Absolutely, and apart from the musical domain, this evolution of styles
(meme complexes) and their interaction is the major phenomenon to be
studied in all other cultural domains. The stability of these complexes
over time (from decades to millenia) is the only thing which allows us
to discuss cultural evolution and history at all, for in the midst of
continual historical change we still have these regularities of form
within all domains whether written out as scientific theories, literary
genre, artistic styles or types of social and political organization.
The study of these uniformities of behaviour (their origin, evolution
and eventual demise) would seem to be one of the central tasks of any
memetic analysis or theory of cultural evolution. Here we can make a
distinction between the function of history and that of the evolutionary
analysis of culture. History describes and details the character of
these unities of behaviour in a chronological sequence, while
evolutionary analysis (and possibly a more developed memetic analsis)
explains the origin and evolution of all such complex phenomena. In this
sense the relation between memetics, communication theory, cultural
evolution, evolutionary theory and complex systems theory becomes quite
clear for at the root of these theories lies the central social and
cultural fact of EXCHANGE (of information and therefore of behaviours)

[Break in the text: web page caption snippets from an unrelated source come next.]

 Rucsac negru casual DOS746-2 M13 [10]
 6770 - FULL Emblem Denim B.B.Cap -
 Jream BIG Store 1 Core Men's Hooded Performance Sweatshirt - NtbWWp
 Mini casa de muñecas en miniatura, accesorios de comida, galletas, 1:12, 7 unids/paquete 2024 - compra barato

between agents in any system. This multiple exchange of forms (memes)
between the members of a group is the mechanism which produces
continuity (styles/paradigms) and change (memetic/stylistic shift) in
the behaviour of the group and the mechanism itself involves a process
of selection and combination of forms by individuals from the most
regular features of everyone elses behaviour. When cultural evolution
(and its historical realization in any particular place and time) is
viewed as a collective communicational process, the function of the meme
becomes that of the unit of exchange within the system. It can also be
seen as the 'message in circuit' between the members of the group.

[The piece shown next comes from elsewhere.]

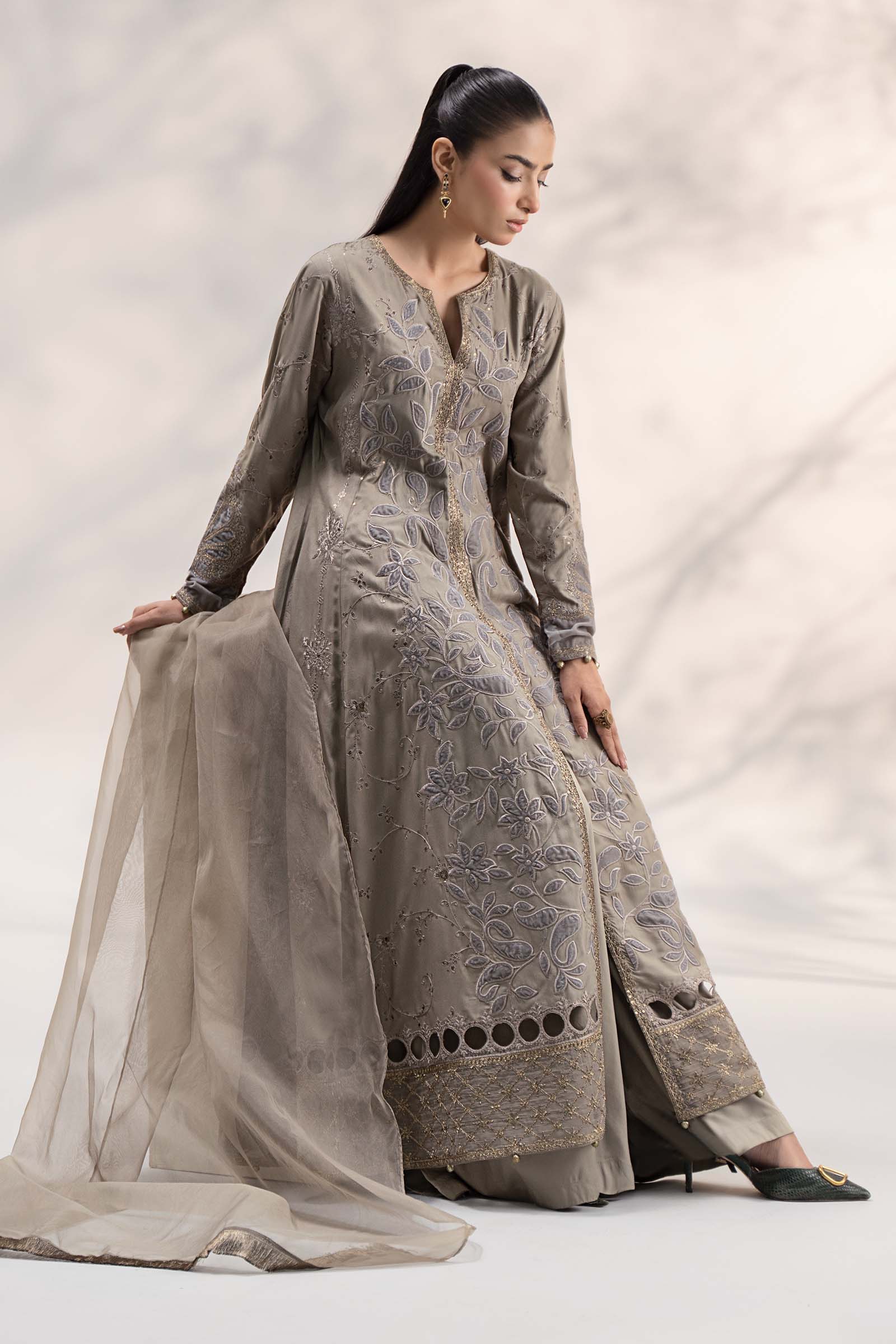 Maira B | Ready to Wear | DW-W24-159 -  Maria B Luxury Pret -  House of Maryam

The function of the individual brain in this context is that of
classification, selection and re-combination of the recognizable
elements of the message for a particular time and place: the individual
work of art, song or theory which is a semantically permissible
combination of several memes to form a whole statement or message which
then becomes part of the code which is applicable TO MANY TIMES AND
PLACES.
This is essentially rule-governed and perhaps one can say algorithmic
behaviour when viewed as part of a group activity. One need not get too
neurological/chemical about this. One simply looks at the operations the
(black box) brain carries out and these involve essentially
categorization by the shunting around of similarities and differences
within its environment. The significant issue is what happens when these
many agents continually interact with one another by manipulating and
exchanging a particular kind of material or subject matter (music, war,
literature, etc. etc.). The result I would suggest is not the disorder
and random variations one would imagine if we treat the members of a
group as individual social or memetic atoms, but rather what we actually
get in cultural terms: the emergence of order, (self) organization and
memetic uniformity over long periods of time. As I suggested in my
previous post, the meme in this context can be regarded as the most
basic, recognizable unit of information within the stylistic set
prevailing at the time. This could be a particular chord sequence in
music which allows me to predict the next in the series. Or, in
architectural terms, if given, say a Doric column, I can predict the
other elements of the building within which this column would exist.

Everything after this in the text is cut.